«PROTECTED MARINE AREAS»
MARINE RESERVES MAY PROMOTE PRESERVATION
OF GRAY WHALE
Protected marine areas have never been a top priority in Russia. At the
same time, by imposing protection status on large sea areas we have made
considerable progress. The Dalnevostochny State Marine Reserve has allowed
us to minimize the negative impact of recreation, poaching and ocean shipping
in the Gulf of Peter the Great. A small marine reserve in the Vostok Gulf
is preventing the sand extraction projects so disastrous for the coastal
area. Due to the timely establishment of a 30-mile marine mammals protection
area, the Komandor Islands Shelf is the only area of the Bering Sea still
undisturbed by the fishing industry. Attached to the Komandorsky State Nature
Reserve, this area is of great value for monitoring natural changes in ecosystems.
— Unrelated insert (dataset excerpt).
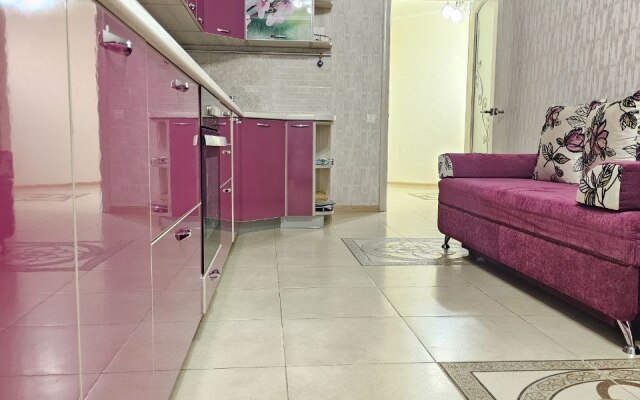 U Morya Ryadom S Tsentralnym Plyazhem Apartments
Today we face a problem that we cannot solve without protected marine areas:
the problem of the Okhotka-Korean gray whale population. Gray whales are
distinct from other whale populations because of their unique way of living.
They feed on seabed bottom invertebrates in shallow coastal waters and travel
thousands kilometers from feeding to breeding grounds.
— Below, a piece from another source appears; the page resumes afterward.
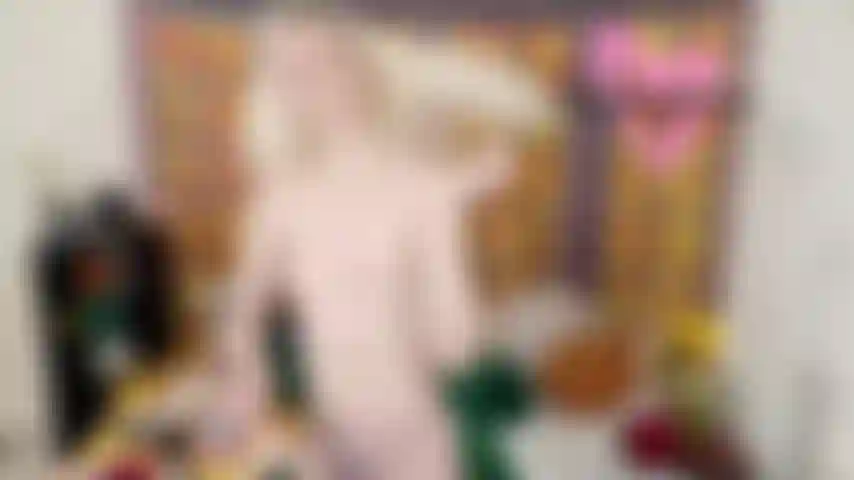 Teasing And Fucking Your Hard Cock - Sophia Sinclaire knows just how to make you feel good - 4K MP4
The Eastern Pacific population numbers over 20,000 whales. They winter
near the California coast while their fattening grounds are located near
the Bering Strait.
For many years it was believed that whalers had killed off the Okhotka-Korean
(Western-Pacific) as well as the Atlantic gray whales. But in the 1970s
a small group of gray whales (around 200) was discovered in the Western
Pacific; every summer these animals turn up near the northeastern coast
of Sakhalin.
By coincidence, the gray whales favor a shelf area in the Far East where
considerable oil and gas resources have been extracted. The first commercial
oil was produced at the Sakhalin-2 project (contractor — Sakhalin Energy)
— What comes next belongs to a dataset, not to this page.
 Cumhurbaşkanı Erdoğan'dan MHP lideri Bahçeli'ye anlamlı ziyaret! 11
on the Molikpak stationary oil platform built in the autumn of 1998. The
drilling of over 10 wells is done from the platform. The oil is pumped through
an underwater pipeline to a floating oil reservoir where tankers berth on
a regular basis.
Molikpak is situated 24 km from the shore, beyond the area where the whales
usually gather. However, this platform, from which bore solutions and other
industrial waste is dumped and on which helicopters land, cannot but impact
negatively on coastal ecosystems (even in a no-emergency case). And that
is only the beginning of the problem. Nearly every year, the Sakhalin-2
and Sakhalin-1 projects allow contractors to drill additional new exploratory
holes. In the northern area of the whales’ fattening grounds, in the Odoptu
oilfield run by the Sakhalin-1 project, shelf oil is extracted from the
shore using the direct drilling method.
Two more platforms that will soon be built even closer to the gray whales’
habitat than Molikpak.
The development of Sakhalin Shelf oil resources has made whale research
vital. Meanwhile, the involvement of American companies (Marathon Oil —
a former shareholder in Sakhalin-2, and Exxon — a leading shareholder in
Sakhalin-1) in these projects has made it possible to put the gray whale
on the agenda of the Russian-American Commission on Scientific-Technological
Cooperation (Gore-Chernomyrdin Commission). On February 7, 1997, the Commission
adopted a Statement “On Measures to Ensure Biodiversity Conservation in
the Sakhalin Island Area”. The Okhotka-Korean Gray Whale Population Monitoring
and Research Program was drafted in 1998. Sakhalin Energy provided the main
funding for its implementation; some Russian institutes also contributed.
Although the program was slow to research such crucial aspects as the whales’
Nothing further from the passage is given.